After my interview with Aviv, I thought that was indeed the story Aviv was poised to tell. Yet, both Laura and I wondered: Would she really dare to do so? Would the New Yorker dare to publish it? After all, Laura’s story told of a paradigm of care that did harm. The telling of her story would mark the moment that the mainstream media finally dared to question the entire narrative that has governed societal thinking for nearly 40 years.
The New Yorker piece was 9,000 words long (or so), and for the first half of the story, up until the moment that Laura tells of reading Anatomy of an Epidemic, it seems that Aviv is indeed going to tell Laura’s story in full. This will be a story that tells of how her recovery began when she rejected the conventional narrative. But then, as it comes to this pivotal moment in Laura’s life, the New Yorker article loses its nerve. It doesn’t tell why reading Anatomy was so important to Laura, and instead segues into a story about how much difficulty Laura and others have had trying to taper from antidepressants.
In short, the article leaves out the heart of Laura’s story. It doesn’t tell of how her recovery began when she rejected the conventional narrative, and how she then saw herself as a “psychiatric survivor,” and how she became a fiery critic of psychiatry and its treatments. It doesn’t tell of how she worked for Mad in America and wrote fierce blogs telling of her personal story, and how she became well-known in the United States and abroad for her criticisms. That story couldn’t be told, and in its place is a story of “overmedication” and “misdiagnosis,” and of how Laura has started a website that helps people struggling with getting off antidepressants.
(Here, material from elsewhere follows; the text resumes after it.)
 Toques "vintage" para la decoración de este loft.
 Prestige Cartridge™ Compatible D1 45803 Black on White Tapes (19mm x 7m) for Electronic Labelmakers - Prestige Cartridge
The article did break new ground for a mainstream publication by so fully detailing Laura’s suffering and worsening after she was first diagnosed and treated, and also by discussing in detail the difficulties many people have coming off antidepressants. That is the glass-half-full part. But it didn’t dare to fully tell a story that illustrates how psychiatry’s current “disease model” of care can do such harm, and how, for many people, rejecting that model of care is the path to recovery. That is the glass half-empty part.